Indiana’s 9th District is being called next year’s most competitive congressional race. Four Democrats say they want to face Republican Representative Trey Hollingsworth.
The candidates joined more than 80 residents in a packed Ivy Tech Bloomington classroom for one of the first forums last night.
The candidates were asked about the opioid epidemic, gun control, free college education and workplace discrimination drawing familiar responses from the partisan crowd.
But candidate and truck company owner Robert Chatlos says rallying around common issues isn’t going to be enough to defeat Hollingsworth.
“Tonight’s been agonizing for me because once again, I want your attention to not be focused on issues, but the things that will keep us out of office,” Chatlos says.
Chatlos is a Bloomington resident with an Air Force record that includes Operation Desert Storm in Iraq. He is pro-abortion rights, in favor of decriminalizing marijuana, and his platform includes a focus on single-payer healthcare, public education reform and renewable energy.

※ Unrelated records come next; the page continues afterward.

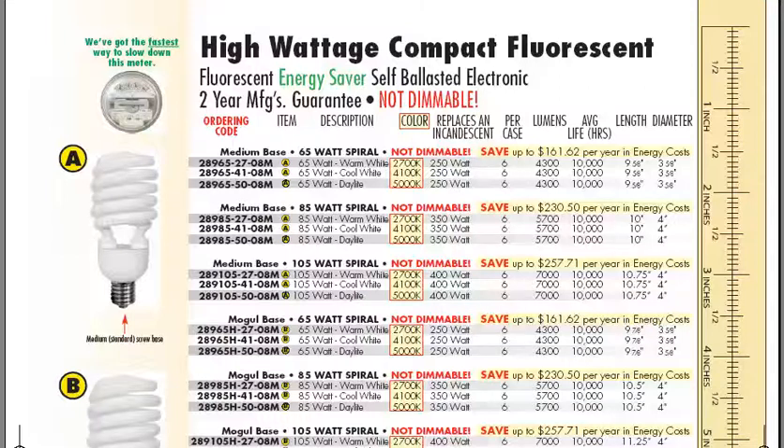We've had some success with these bulbs replacing traditional metal halide — even 175 and 250 watt metal halide bulbs — in parking garages or post tops.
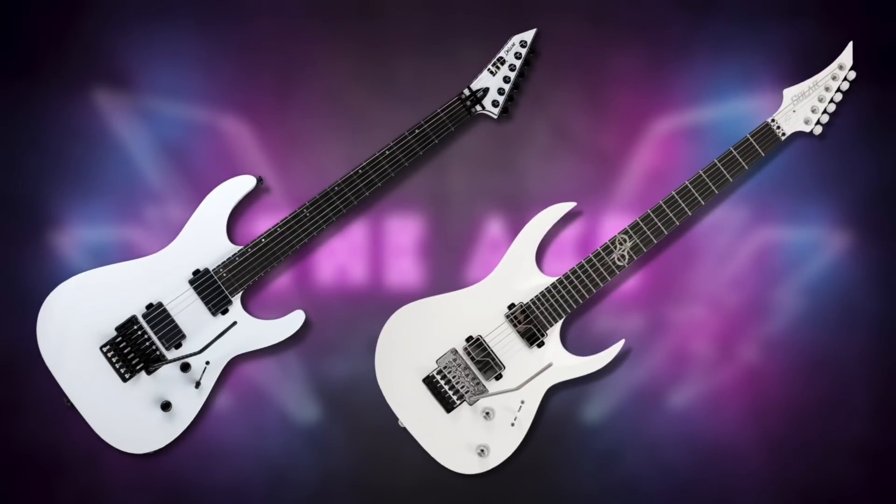Hello and welcome back to another episode of Buy This Not That here on The Axe. This one is pretty interesting because it's basically between two guitars that are so similar it's almost impossible to choose the better value. But unfortunately only one guitar can come out victorious. Alright, this is The Axe — let's go.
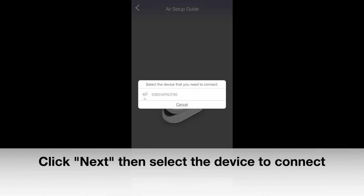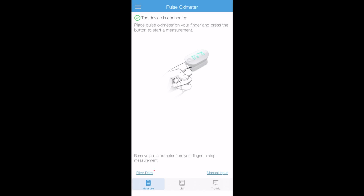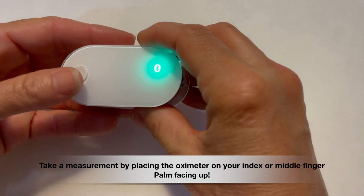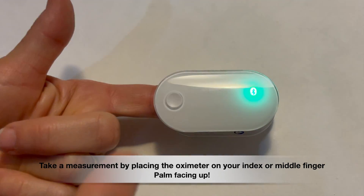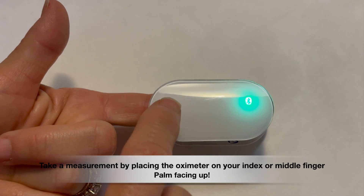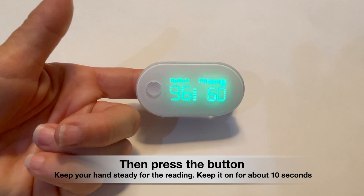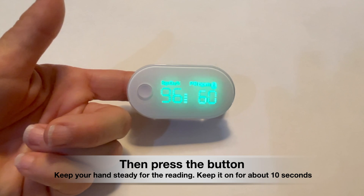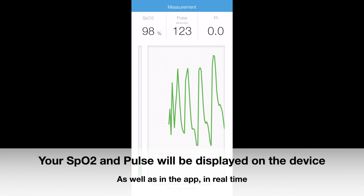Once the screen states that the device is connected, you are ready to take a measurement. Please remember to have the iHealth app open each time you take a measurement. When you are ready to begin, be seated at your vital station and place the device on your index or middle finger, as shown, and remember to have your palms facing up. Press the circular button on the top side of the device and it will start taking your measurement. Try to keep your hands steady for the reading. Keep it on your finger for about 10 seconds and then remove the device.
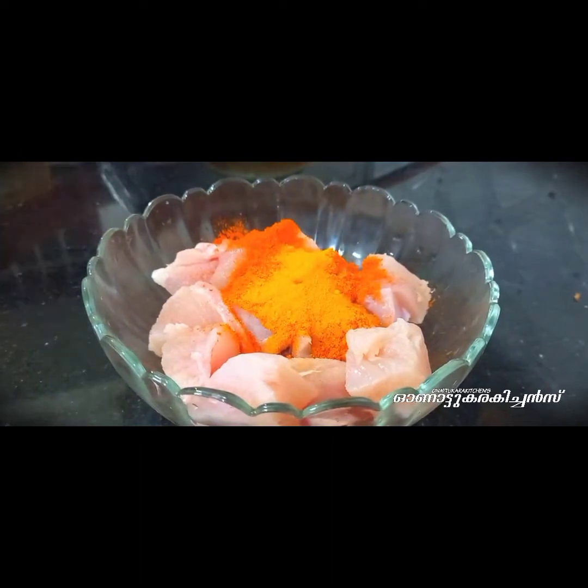Hi friends! Hello everyone! Here is a chicken fry. It's very delicious.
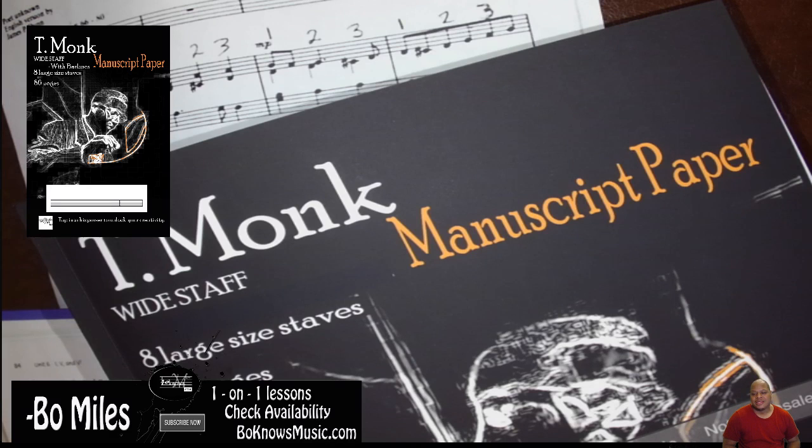Hello guys, I'm Bo Miles and today we're going to look at your favorite composer's manuscript paper with bar lines and without bar lines. So let's go ahead and start with the without bar lines.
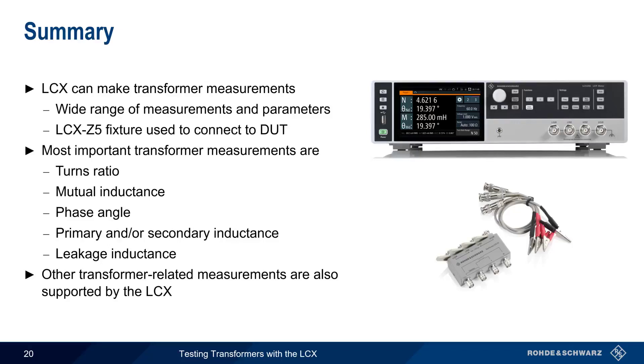This concludes our presentation, Testing Transformers with the Rohde & Schwarz LCX. If you are interested in learning more about LCR meters, transformer testing, or related topics, please see the links in the video description. Thanks for watching.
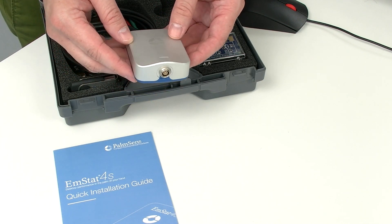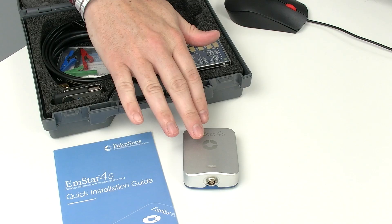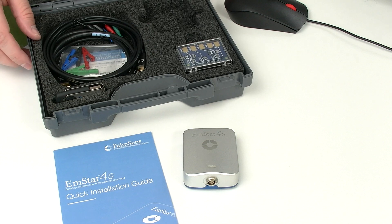This one has a blue bottom — maybe you have a different one with a black bottom. The black bottom indicates that this is the high range version, while the blue bottom, which is what we have in this case, indicates that this is the low range version, more suitable for measuring lower or smaller currents.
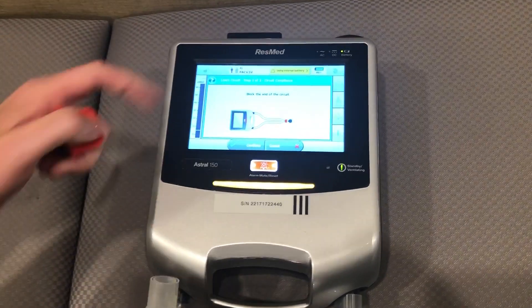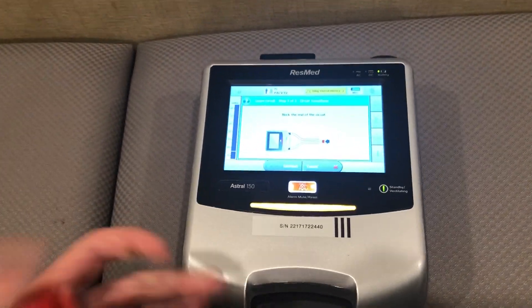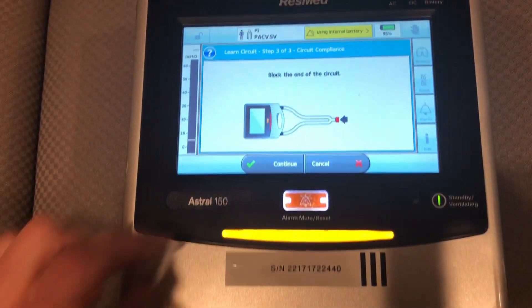Now I want to block the end of this circuit — like so — and then press continue.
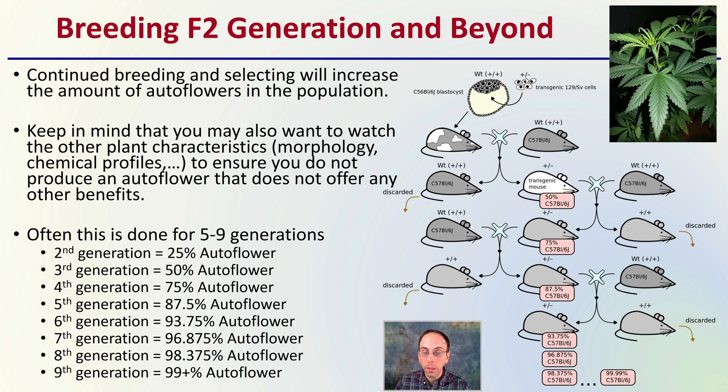Looking at examples with mice — the same thing applies to cannabis — this continued breeding and selecting will increase the amount of autoflowers within the population. You may also want to watch for other plant characteristics such as morphology and chemical profiles to ensure you do not produce an autoflower that offers no other benefits. This is typically done for five to nine generations for greater stabilization of that recessive autoflower gene. We breed, get offspring, keep coming back to the line, discard a percentage that don't have the trait, and breed those together with the same original parent. The first time we have about 25% autoflowers, then 50%, 75%, 87.5%, 93.75%, 96.8%, 98.3%, 99% plus — a rapid ramp-up in the proportion of autoflowers.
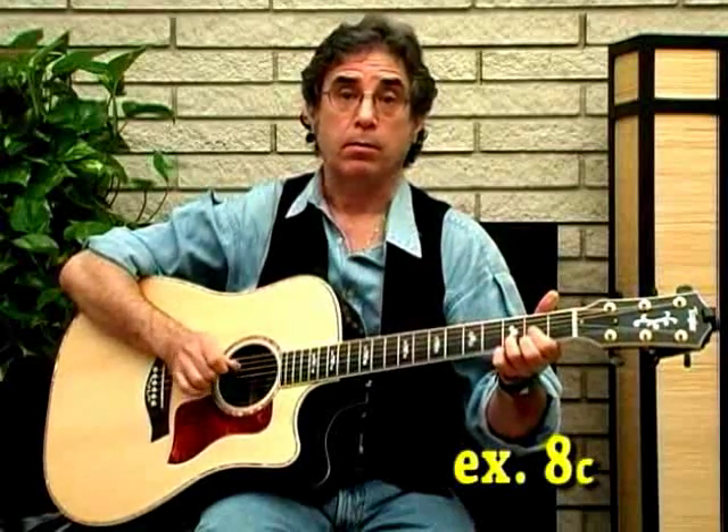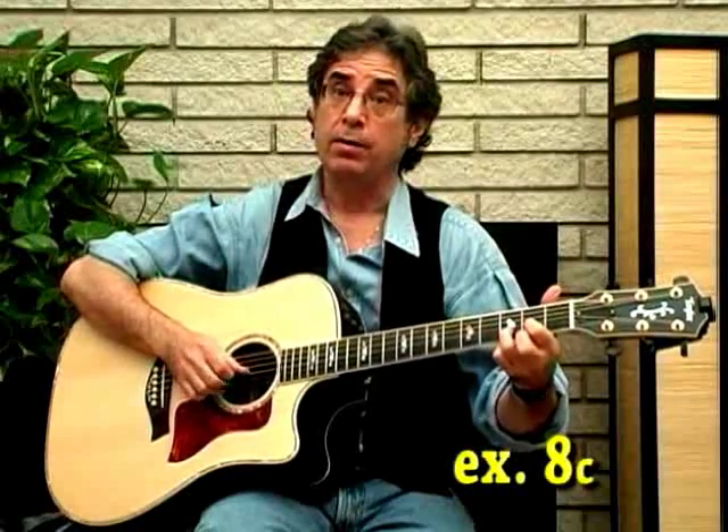So that James Taylor 101 lick sort of starts off as an arpeggio — hammer, pull-off, pull-off — play the B string, hammer.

Candidate Brandon Hood says he wants to help change the political conversation.
“I think it’s important to beat and put Republican values behind us into the future and try to give ourselves some progressive breathing room.”
Hood's platform includes on debt-free education, labor rights and drug reform. He supports establishing a universal basic income.

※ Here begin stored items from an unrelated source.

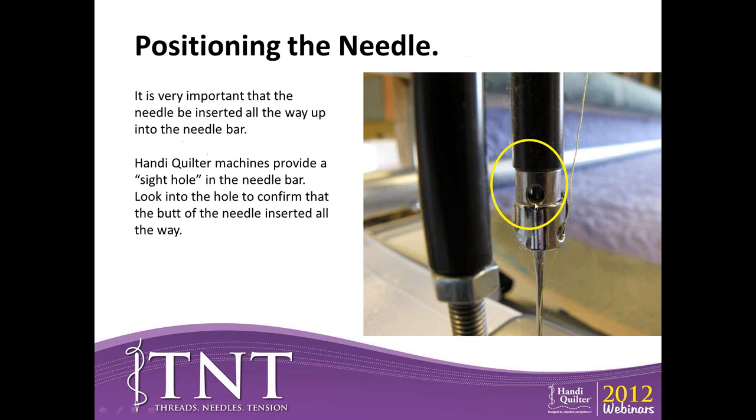It's very important on the HandyQuilter machines that your needle is put all the way up to the top. On the side of the needle bar, there is actually a sight hole you can look through. If you can see the top of your needle, you know it's all the way up. However, if you have a needle break, sometimes it'll break off and the top will stay up in there, so you've got to carefully get that top out so your new needle will fit all the way up. If the needle is not all the way up, it won't even make a full revolution because it'll actually hit the hook, which can also cause timing problems in the future.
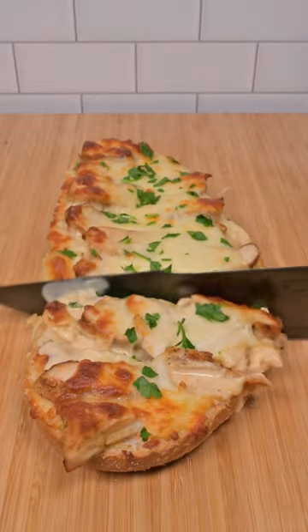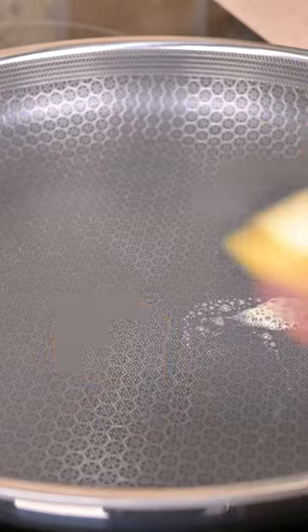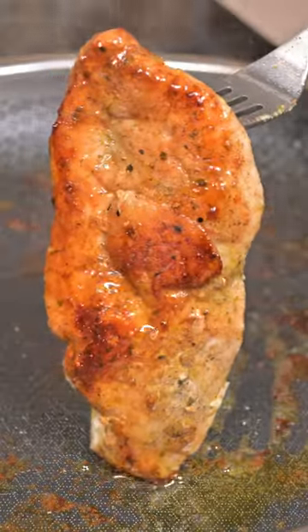This chicken alfredo french bread was one of the best things I ever made. First we're going to season up our chicken breast with Meat Church's garlic and herb and add it to our pan to cook. Flip it a couple times to get that nice golden brown color and pull it off when it's 165.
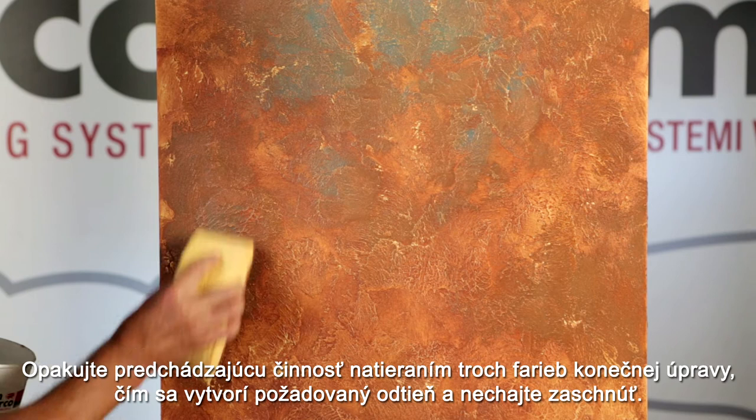Repeat the previous operation, laying the three color finish, creating the desired shade and let it dry. Other shades can be made according to the painter's imagination.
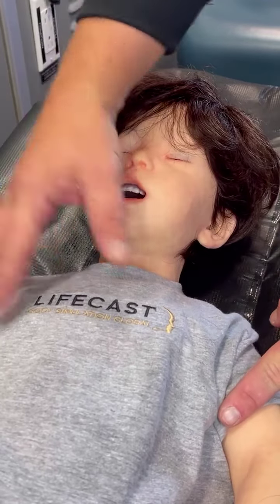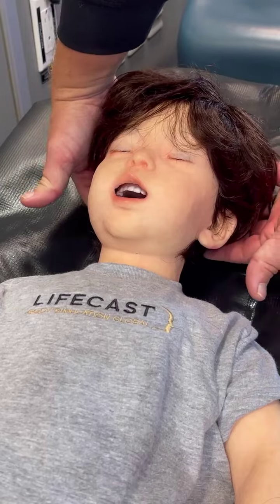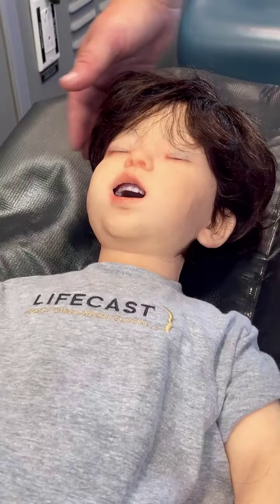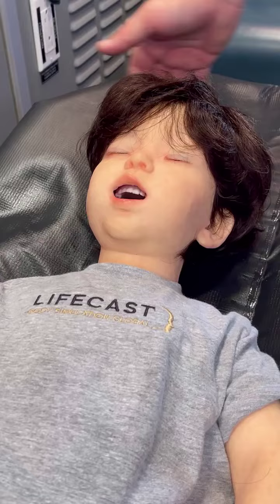An important piece to remember when ventilating a child is that the occiput of the head — this area in the back — is actually very large. It has quite a bit more depth than the shoulders themselves. So when a child is laying flat, you'll notice that the chin is tucked kind of into the chest.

Candidate Liz Watson says experience writing legislation that benefits working families gives her an advantage over the other candidates.
“The truth is folks, if we have to bring someone in who has to learn on the job and spend two years trying to figure out exactly how it works, I don’t think that person is staying,” says Watson.

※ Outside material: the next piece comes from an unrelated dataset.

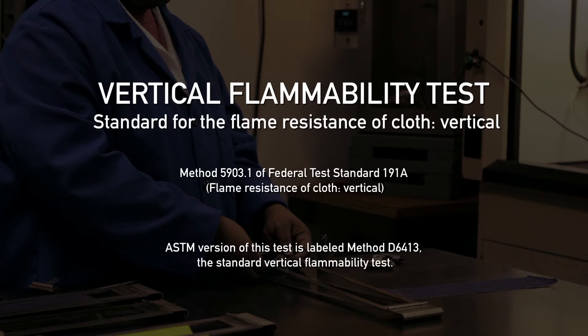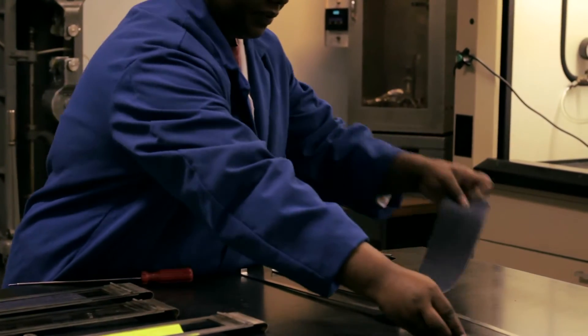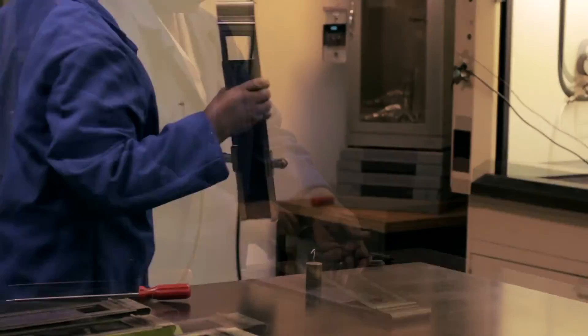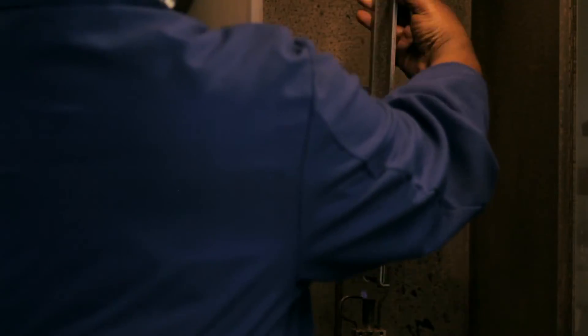The Vertical Flammability Test is the standard used to determine the flame resistance of fabrics in the United States. The test is conducted by applying a 12-second flame to the bottom cut edge of a 12-inch specimen. When the test specimen is removed from the chamber, three characteristics are measured.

Watson is a professor at Indiana University in Bloomington. Her platform focuses on jobs, affordable health care and high-quality public education.
Though candidate and civil rights attorney Dan Canon disagrees.
“I would respectfully disagree with the idea is what we need is Washington experience, or what we need is New York experience, or San Francisco experience or any other kind of experience is Indiana experience,” says Canon.
Canon is a civil rights lawyer from New Albany who worked on the Obergefell v. Hodges case that resulted in the legalization of same-sex marriage nationwide. His listed priorities include health care, paid family leave and minimum wage reform.
Hoosier Action sponsored the candidate forum program. Rep. Hollingsworth was invited, but did not respond to the invitation or attend the forum.